We will be publishing formal research on the announcements, but the big news this year is Lotuslive, a real cloud-based platform for Lotus products. Other highlights include Blackberry-RIM integration, SAP integration called Alloy to counter Duet and other integration plugins for LinkedIn and Skype and several upgrades to existing products.
I must admit that the level of energy is also a bit bewildering. The atmosphere at Lotusphere is somewhere between a summer camp for geeks and a rock concert. Even if it is in January, the weather in Orlando usually feels like summer in Amsterdam. I am accustomed to a bit of cynicism or at least skepticism when it comes to vendors, but any of that is hard to find here. Standing room only crowds, cheering, enthusiastic Karaoke nights and even goofy SpeedGeek events are evidence of enthusiastic followers.

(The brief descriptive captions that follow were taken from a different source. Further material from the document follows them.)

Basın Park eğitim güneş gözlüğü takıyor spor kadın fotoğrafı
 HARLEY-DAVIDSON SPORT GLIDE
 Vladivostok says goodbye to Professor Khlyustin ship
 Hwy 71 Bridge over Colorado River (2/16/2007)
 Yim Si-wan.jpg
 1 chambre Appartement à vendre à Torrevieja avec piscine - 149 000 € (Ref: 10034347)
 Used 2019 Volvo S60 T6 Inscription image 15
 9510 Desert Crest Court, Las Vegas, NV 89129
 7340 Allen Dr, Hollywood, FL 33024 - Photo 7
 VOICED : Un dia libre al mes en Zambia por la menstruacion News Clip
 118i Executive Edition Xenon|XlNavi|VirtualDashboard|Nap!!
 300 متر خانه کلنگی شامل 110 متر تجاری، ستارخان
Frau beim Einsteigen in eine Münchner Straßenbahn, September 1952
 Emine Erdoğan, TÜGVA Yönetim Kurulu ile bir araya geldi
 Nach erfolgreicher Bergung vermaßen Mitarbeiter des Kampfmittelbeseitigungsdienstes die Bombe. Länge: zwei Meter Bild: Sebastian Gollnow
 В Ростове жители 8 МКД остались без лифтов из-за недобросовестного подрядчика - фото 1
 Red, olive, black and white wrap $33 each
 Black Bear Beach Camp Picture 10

This sentiment has certainly changed from when I first started coming to these events about ten years ago. In those dark days, the Lotus strategy was cloudy and confusing, and participants were worrying about their choices and their careers. Now, while Lotus has trouble with formidable competitors with Microsoft, Google and a host of collaboration and social software start-ups, few can question IBM’s commitment to the product line. They are investing in innovation, and it shows.
I am not sure that I believe all of the rah rah purporting to show that Lotus is defeating all others. I regularly speak with big Lotus shops switching to Exchange, but almost never any going the other way. But it’s also clear that reports of Notes’s demise have been premature. That’s good. I like competition. Markets need it, users like it, and innovation requires it.